The technician, a short man with a receding hairline and a beard worthy of a dwarf, finished adding the drug and withdrew the syringe from the rubber seal on the side of the tank. "It shouldn't take long," he told Halberstam. "The drug will already be passing through the outer membrane of the capillaries. Full saturation of the synapses will take only a few seconds. Then we should start to see some results."

Halberstam continued to watch the tank. He pulled a handkerchief from his pocket and dabbed at a drop of con densation that was trickling down the side of the glass. Someone had been sloppy. Halberstam hated sloppy work. That the facility was in the middle of a crisis was no excuse.

Halberstam neatly folded the handkerchief and put it back in his pocket.

This thing had to be cleared up. Quickly and efficiently, before it spread. Nine years of work hung in the balance. If the IC-or whatever it was-in the Seattle RTG was able to affect three of his subjects, there was every reason to believe it could also impact the other nine. He could lose them all. Halberstam had exercised the precaution of taking seven of them off-line, but the other two were involved in delicate data runs that could not be aborted at this time.

Hard-wired to the Matrix via the cyberdecks that contained their personas and utilities, the subjects could not jack out. Ever. Halberstam smiled grimly at that. There would be no repeats of the episode that had crashed his first project in '51, back when he was in the employ of UCAS Data Systems. This time, there were no physical bodies left to "rescue."

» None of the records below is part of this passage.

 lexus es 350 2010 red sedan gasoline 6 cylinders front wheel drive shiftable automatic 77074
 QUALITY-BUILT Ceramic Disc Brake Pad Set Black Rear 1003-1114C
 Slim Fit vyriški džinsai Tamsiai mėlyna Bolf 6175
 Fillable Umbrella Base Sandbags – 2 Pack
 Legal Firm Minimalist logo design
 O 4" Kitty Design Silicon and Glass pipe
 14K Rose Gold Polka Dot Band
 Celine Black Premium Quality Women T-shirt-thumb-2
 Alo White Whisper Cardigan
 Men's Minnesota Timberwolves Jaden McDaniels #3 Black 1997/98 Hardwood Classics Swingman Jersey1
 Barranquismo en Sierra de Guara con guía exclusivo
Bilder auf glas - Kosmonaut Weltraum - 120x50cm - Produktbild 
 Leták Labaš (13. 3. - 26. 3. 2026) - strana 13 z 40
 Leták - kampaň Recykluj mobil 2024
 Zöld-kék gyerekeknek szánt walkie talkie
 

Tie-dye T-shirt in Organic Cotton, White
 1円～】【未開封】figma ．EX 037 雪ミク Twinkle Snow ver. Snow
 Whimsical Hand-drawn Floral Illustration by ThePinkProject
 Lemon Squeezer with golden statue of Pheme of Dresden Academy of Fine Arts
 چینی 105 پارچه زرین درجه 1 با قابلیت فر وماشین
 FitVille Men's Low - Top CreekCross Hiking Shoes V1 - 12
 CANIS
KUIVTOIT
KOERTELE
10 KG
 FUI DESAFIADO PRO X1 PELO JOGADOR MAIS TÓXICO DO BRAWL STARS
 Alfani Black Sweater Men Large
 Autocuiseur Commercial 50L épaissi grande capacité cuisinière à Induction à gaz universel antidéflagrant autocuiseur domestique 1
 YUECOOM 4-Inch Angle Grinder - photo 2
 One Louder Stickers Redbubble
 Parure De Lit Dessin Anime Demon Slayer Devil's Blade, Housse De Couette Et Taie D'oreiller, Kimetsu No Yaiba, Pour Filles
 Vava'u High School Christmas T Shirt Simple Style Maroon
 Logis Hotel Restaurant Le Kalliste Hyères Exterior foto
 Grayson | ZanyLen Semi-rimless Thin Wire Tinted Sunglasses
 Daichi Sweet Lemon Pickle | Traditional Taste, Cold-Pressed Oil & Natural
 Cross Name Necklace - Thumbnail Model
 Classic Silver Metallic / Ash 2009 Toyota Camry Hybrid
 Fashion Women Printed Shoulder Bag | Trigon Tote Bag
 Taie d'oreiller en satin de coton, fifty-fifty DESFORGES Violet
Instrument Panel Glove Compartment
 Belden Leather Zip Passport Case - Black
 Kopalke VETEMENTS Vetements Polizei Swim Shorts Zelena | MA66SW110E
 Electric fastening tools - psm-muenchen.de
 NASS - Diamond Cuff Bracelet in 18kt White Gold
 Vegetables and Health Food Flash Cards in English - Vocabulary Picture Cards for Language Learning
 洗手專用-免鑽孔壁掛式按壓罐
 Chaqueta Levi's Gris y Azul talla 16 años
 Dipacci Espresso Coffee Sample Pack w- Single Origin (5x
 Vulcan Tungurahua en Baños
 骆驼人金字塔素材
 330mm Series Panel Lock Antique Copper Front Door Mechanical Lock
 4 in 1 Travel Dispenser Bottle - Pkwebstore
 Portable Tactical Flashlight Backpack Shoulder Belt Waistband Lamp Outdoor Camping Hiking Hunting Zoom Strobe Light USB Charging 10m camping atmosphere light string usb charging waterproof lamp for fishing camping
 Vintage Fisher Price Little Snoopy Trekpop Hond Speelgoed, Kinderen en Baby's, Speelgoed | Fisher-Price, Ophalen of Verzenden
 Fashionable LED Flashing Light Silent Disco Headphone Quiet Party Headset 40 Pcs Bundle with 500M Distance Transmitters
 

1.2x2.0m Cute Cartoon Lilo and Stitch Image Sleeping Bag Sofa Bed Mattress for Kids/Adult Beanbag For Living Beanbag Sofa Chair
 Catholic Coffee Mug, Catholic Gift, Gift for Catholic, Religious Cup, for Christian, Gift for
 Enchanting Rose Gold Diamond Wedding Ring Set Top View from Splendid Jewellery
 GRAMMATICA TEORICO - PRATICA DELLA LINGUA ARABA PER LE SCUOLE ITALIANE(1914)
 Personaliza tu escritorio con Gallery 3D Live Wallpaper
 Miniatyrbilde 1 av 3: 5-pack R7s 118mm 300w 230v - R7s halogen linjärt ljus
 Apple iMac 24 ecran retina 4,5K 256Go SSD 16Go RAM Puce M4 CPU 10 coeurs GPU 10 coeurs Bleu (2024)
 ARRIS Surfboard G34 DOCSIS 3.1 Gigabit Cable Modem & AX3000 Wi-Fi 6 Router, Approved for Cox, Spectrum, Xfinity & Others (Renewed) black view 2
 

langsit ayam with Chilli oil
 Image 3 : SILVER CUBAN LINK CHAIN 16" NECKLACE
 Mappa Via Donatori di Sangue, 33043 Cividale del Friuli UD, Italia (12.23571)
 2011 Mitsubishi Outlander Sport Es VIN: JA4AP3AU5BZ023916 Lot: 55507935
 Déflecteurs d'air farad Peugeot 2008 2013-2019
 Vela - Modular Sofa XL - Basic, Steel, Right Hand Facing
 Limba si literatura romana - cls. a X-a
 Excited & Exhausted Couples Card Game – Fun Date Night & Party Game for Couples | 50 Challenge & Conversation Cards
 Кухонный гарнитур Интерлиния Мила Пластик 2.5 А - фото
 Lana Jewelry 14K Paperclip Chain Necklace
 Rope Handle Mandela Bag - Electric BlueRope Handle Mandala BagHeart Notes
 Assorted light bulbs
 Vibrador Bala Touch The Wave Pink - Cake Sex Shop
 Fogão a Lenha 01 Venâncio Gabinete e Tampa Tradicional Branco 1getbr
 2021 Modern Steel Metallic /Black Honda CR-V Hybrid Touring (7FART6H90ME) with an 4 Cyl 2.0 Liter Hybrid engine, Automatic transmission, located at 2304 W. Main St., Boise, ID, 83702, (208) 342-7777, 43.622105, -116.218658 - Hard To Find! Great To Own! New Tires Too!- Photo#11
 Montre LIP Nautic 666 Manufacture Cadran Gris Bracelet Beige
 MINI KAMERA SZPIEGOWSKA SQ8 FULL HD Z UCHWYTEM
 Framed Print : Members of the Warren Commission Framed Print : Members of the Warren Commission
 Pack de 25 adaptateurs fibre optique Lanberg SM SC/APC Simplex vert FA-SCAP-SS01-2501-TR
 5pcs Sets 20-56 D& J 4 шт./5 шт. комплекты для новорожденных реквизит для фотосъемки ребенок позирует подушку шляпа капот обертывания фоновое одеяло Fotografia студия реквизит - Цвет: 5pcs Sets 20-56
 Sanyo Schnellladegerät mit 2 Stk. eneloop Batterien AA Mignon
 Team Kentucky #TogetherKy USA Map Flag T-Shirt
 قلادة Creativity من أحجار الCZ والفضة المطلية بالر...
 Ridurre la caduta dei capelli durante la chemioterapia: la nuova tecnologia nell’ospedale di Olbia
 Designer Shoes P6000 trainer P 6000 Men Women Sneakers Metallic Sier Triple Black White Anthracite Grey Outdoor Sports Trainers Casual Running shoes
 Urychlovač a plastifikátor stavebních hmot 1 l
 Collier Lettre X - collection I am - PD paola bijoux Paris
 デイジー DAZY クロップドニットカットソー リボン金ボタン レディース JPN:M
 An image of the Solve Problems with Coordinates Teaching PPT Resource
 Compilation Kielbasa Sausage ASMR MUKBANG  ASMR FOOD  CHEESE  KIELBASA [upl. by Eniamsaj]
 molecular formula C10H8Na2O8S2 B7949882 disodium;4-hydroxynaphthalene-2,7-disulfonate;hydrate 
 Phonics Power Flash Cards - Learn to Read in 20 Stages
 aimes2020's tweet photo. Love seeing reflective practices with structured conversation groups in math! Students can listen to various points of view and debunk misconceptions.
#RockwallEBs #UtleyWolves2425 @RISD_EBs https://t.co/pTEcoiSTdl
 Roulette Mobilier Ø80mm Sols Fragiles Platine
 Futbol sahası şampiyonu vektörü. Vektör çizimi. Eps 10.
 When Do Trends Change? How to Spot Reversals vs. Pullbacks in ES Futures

But something else was bothering him: the imagery he'd seen on the trideo in the monitoring lab. Each of the subjects had been mind wiped before their brains were removed from their bodies. There should have been no residual memories left in the wetware. The only experiences the subjects should ever remember, the only "history" they would ever have, should have been the carefully constructed psychological profiles that were programmed into their memory chips. Any unnecessary concepts like "mother" and "father" had been erased. The only authority figure the subjects ever knew was their "headmaster."

Yet somehow, something had been missed in Subject 3. A primitive longing for a nurturing figure, a fear of abandonment by her, perhaps buried deep in the amygdala. Halberstam's eyes narrowed. Someone among his researchers and technicians hadn't been thorough. The thought annoyed him immensely.

He looked past the other two tanks in the room at the closed-circuit telecom that was set into the white-tiled wall. The flatscreen display showed the monitoring lab, where McAllister and Park sat, intently watching their data readouts.

"Well?" Halberstam asked. "Any changes?"

McAllister nodded. "We're seeing a decrease in the levels of dopamine, but only by forty per cent," she said. "It's still well above normal."

On the display, Park turned in his chair to face the lab's trideo monitors. "Hey!" he said excitedly. "It looks like the sequence is broken." Then he paused. "Uh oh. It's in another loop. Drek."